The weekend 11-12 August then saw the most serious fighting between government forces and the UCK to date in this conflict. Macedonian soldiers and police exchanged fire with the rebels in several clashes in and around Tetovo and in villages close to the capital. In the evening of 12 August and under heavy Western diplomatic pressure, the Macedonian government ordered a unilateral cease-fire.
The fiercest battle seems to have taken place around the village of Radusa on the border with Kosova, northeast of Tetovo. The Skopje daily "Dnevnik" reported on 13 August that up to 1,000 ethnic Albanian rebels, who had allegedly entered Macedonia only hours before, fought against the security forces (see "RFE/RL Newsline," 13 August 2001). In a successful attempt to relieve units encircled in a police station, the army used helicopter gunships as well as fighter airplanes and tanks.

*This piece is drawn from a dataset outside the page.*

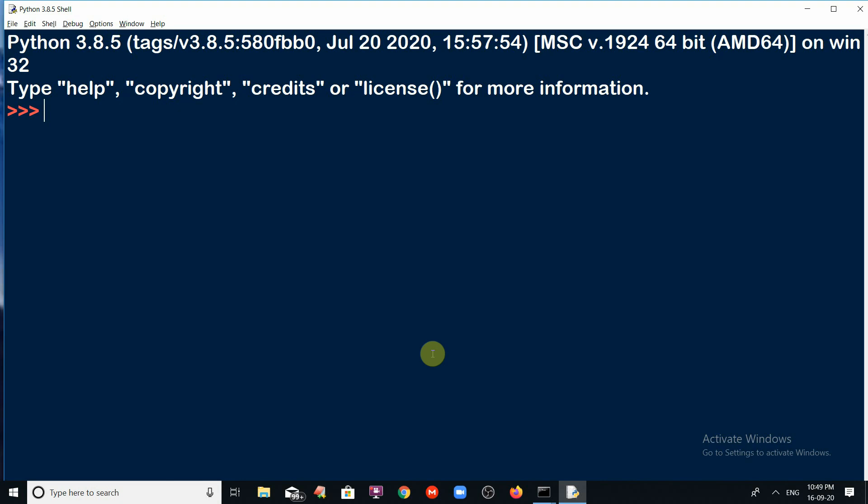So in order to work with the playsound module, first of all we need to install the playsound module. But very unfortunately, the standard Python is not providing the default facility of the playsound. That is the reason why compulsory we have to install the playsound module.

Interestingly enough, "Dnevnik" was the only newspaper that weekend that reported any casualties for the rebels, albeit unrealistically inflated ones of at least 300 dead. An independent newspaper well-known for its critical reporting, the editorial board has changed its policy in recent weeks. Branko Geroski, the newspaper's editor in chief, had long advocated a peaceful solution but changed his position after the recent attacks on Macedonian soldiers.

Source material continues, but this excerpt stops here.